Delta’s recent announcement that it was banning “pit bull type” dogs from its flights* has focused public attention on a long-standing problem in disability law; the inherent conflict between the need for easy to apply policies concerning service and emotional support animals and the prohibition in the law against basing decisions on stereotypes. You can ban any particular pit bull if there is good reason to believe it is dangerous, but you can’t ban all pit bulls just because it is a dangerous breed.

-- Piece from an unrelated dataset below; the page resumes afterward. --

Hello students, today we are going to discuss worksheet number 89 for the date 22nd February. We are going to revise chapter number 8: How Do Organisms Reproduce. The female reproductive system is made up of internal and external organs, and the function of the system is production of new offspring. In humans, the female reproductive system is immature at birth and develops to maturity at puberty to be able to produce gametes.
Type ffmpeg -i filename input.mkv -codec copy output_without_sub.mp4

For businesses like airlines that have thousands of employees who must make decisions in only a minute with no real information this is a serious problem. The first time an airline sees a service dog or emotional support animal may be less than a minute before the animal and its owner want to board the aircraft, and that time scarcely provides an opportunity for an individualized assessment of whether the animal is a risk to others. If the animal can behave for just a few minutes it will look fine, but it is then placed in a closely confined, noisy space where it may be sitting next to a complete stranger for a period of an hour or more. These are circumstances that test the patience of human beings; we often read stories of passengers being arrested for physical or verbal abuse during long flights. It is hardly surprising that they might test the ability of an animal to keep its cool.
The first part of a solution to this problem begins with the recognition that only service dogs should be permitted in airports or aircraft. The ADA does not require any business to permit emotional support animals for the good reason that such animals are not required to have any training at all and may not be suitable for public spaces. The Department of Transportation should adopt a similar sensible approach to emotional support animals, only permitting service dogs in airports and aircraft. There is no real scientific evidence that those with disabling mental impairments have any genuine need for emotional support animals in public places, and in the absence of such evidence DOT should not require that they be accommodated.

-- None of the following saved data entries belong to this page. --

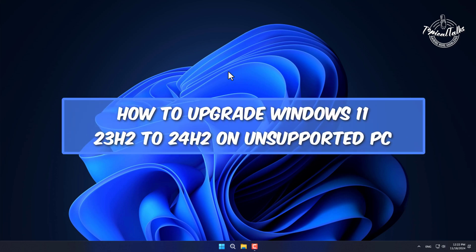How to upgrade Windows 11, 23H2 to 24H2 on unsupported PC.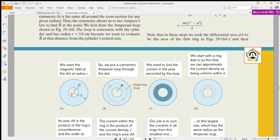This point is where we need to find the magnetic field. The inner radius is A and the point of interest is at radius R. We can draw an Amperian loop through this point at radius R.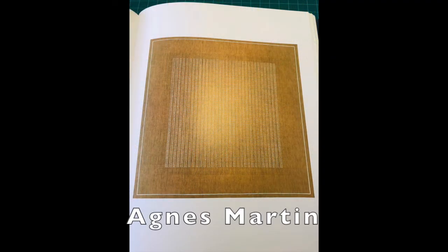And Agnes Martin, her ability to communicate such depth with such limitation.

The second part of the solution is an on the ground assessment of service dog behavior before it is permitted past security in the airport. This assessment would take only a few minutes and require only that the dog be able to sit and lie down on command, and that it be able to stand or sit calmly when approached by a stranger and by another dog. These are the minimum behaviors required by all legitimate service dog trainers and a dog who cannot do these things is likely to be a danger to others. It is a test we recommend to all our Fair Housing Act clients when confronted by a reasonable accommodation request for either a service dog or an emotional support animal if the request includes taking the dog into public areas.
The disability rights laws are unique among discrimination laws because equal access for the disabled often requires that they be treated differently than those without disabilities, once such difference being the privilege of taking a service dog into a business or airplane. The minor inconvenience of demonstrating the dog’s ability to behave in difficult circumstances is simply one of the trade-offs that comes with the necessity to resolve a conflict between what is required for accessibility and the rights of others to be free from the risk of harm. Airlines are particularly well suited to make this kind of assessment because their operations already involve processing large numbers of passengers. Having an agent trained to assess service dogs will not create an unusual burden, particularly if the assessment is done at check-in or just before security. Neither blanket breed prohibitions nor wide-open allowance of all claimed service dogs will properly balance the rights of all parties. An individualized assessment will.
* See, “Delta is banning pit bull service dogs” in the Washington Post.